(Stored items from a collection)
◇ ◇ ◇
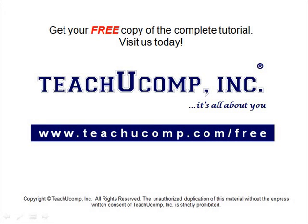Get your free copy of the complete tutorial at www.teachucomp.com forward slash free.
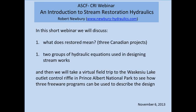Hello everybody. We've got people still joining, but my name is Michelle Gray, and on behalf of the Atlantic Salmon Conservation Foundation and the Canadian Rivers Institute, we would like to welcome you to today's webinar. This series is made possible in part thanks to contributions from the Government of Canada, and today we are very pleased to be hosting Bob Newbury.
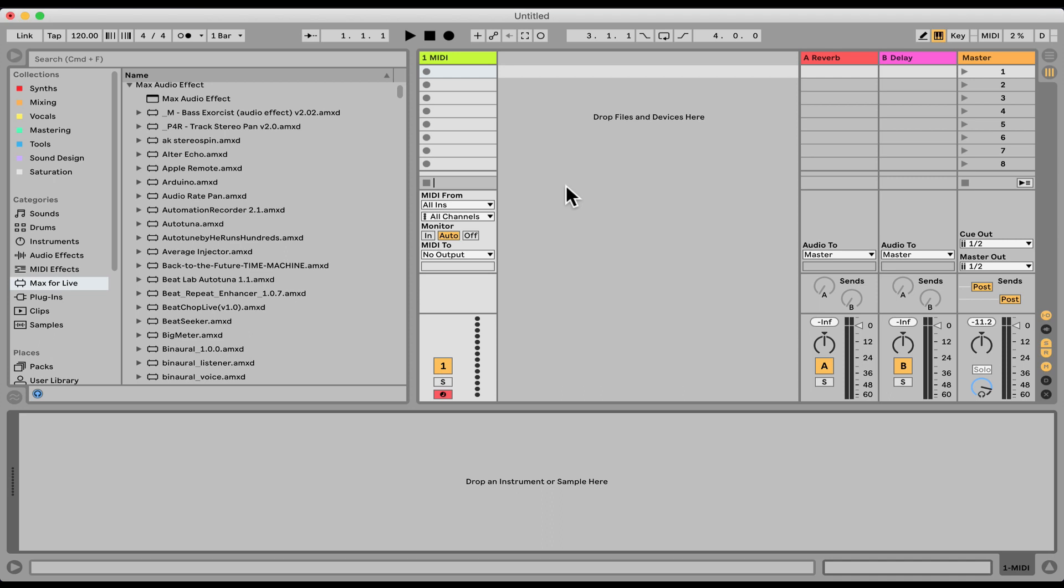Okay, let's check out the multi-map. So before that, I have just an empty project here with one MIDI track.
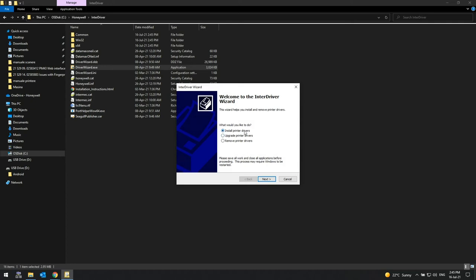It can also be used to completely remove all or a selection of these printers and drivers from a server or workstation.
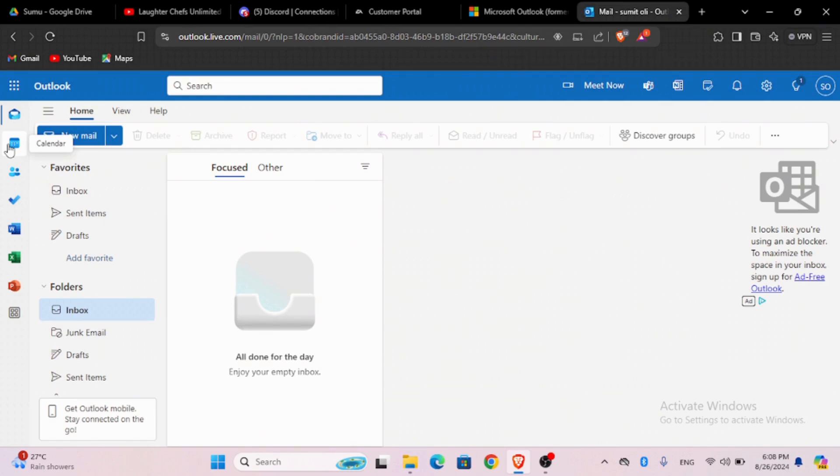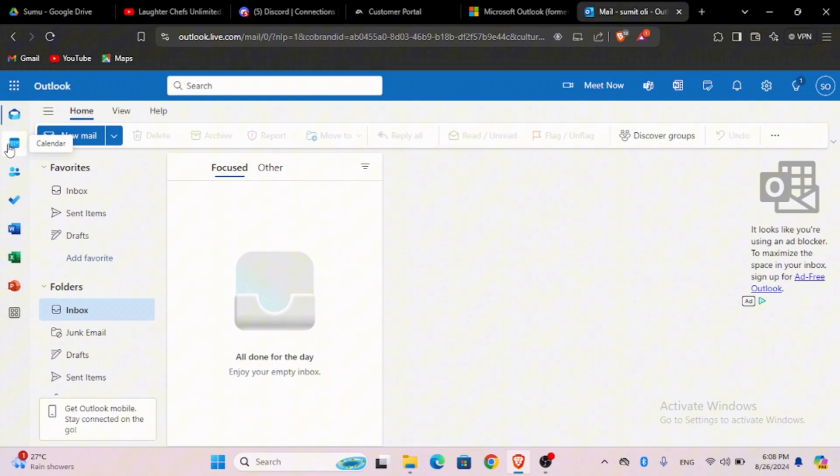Firstly, open the Outlook application. If you do not have the Outlook application installed, you can even use it on any web browser. Open any of your preferred browser, now search for outlook.live.com, or you can simply type in Outlook and tap on the first link that appears.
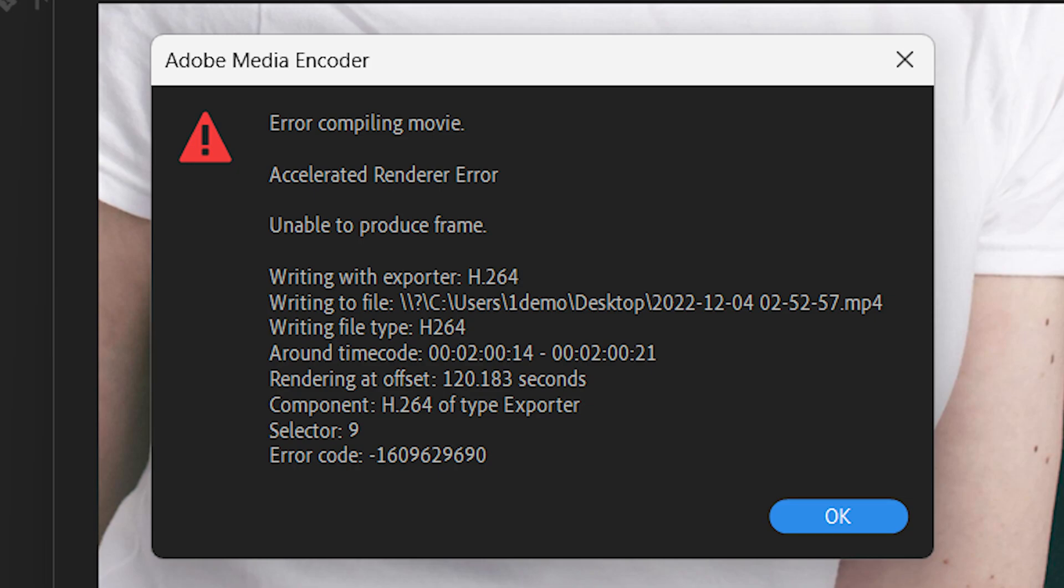If you are facing this render error while exporting your video in Adobe Premiere Pro, here is how you can identify the problem and fix it.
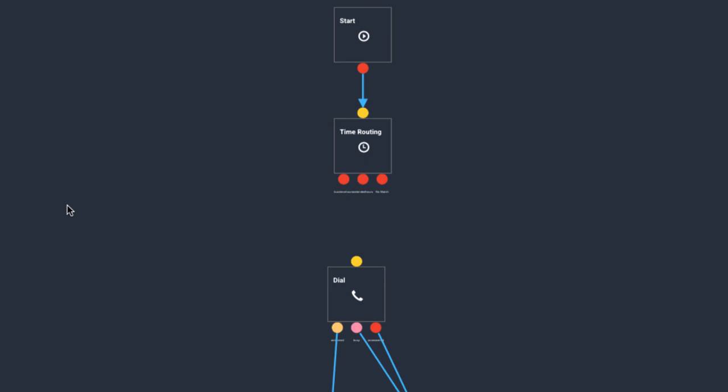Now that the nodes have been created, we can add the custom call paths for each time slot. Add your call path for each option. For the business hours and extended trading time slots, we will connect these straight to a dial widget.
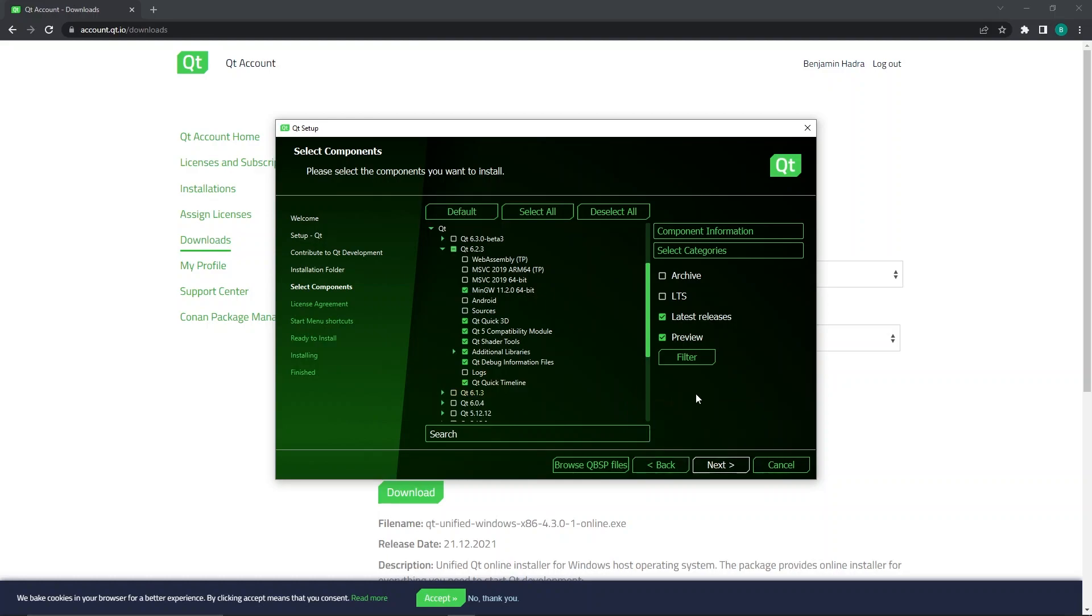As you can see, there are other options here which will allow you to install for other compilers, but in this case, all we want is MinGW with all available modules.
◇ ◇ ◇
→ **ASSIGNMENT**
Starting at the line containing "Now that the", output every remaining line of the records above exactly, the last one included. Nothing else belongs in the output, and no pictures either.

→ **RESPONSE FOR THIS EXERCISE**
Now that the nodes have been created, we can add the custom call paths for each time slot. Add your call path for each option. For the business hours and extended trading time slots, we will connect these straight to a dial widget.
As you can see, there are other options here which will allow you to install for other compilers, but in this case, all we want is MinGW with all available modules.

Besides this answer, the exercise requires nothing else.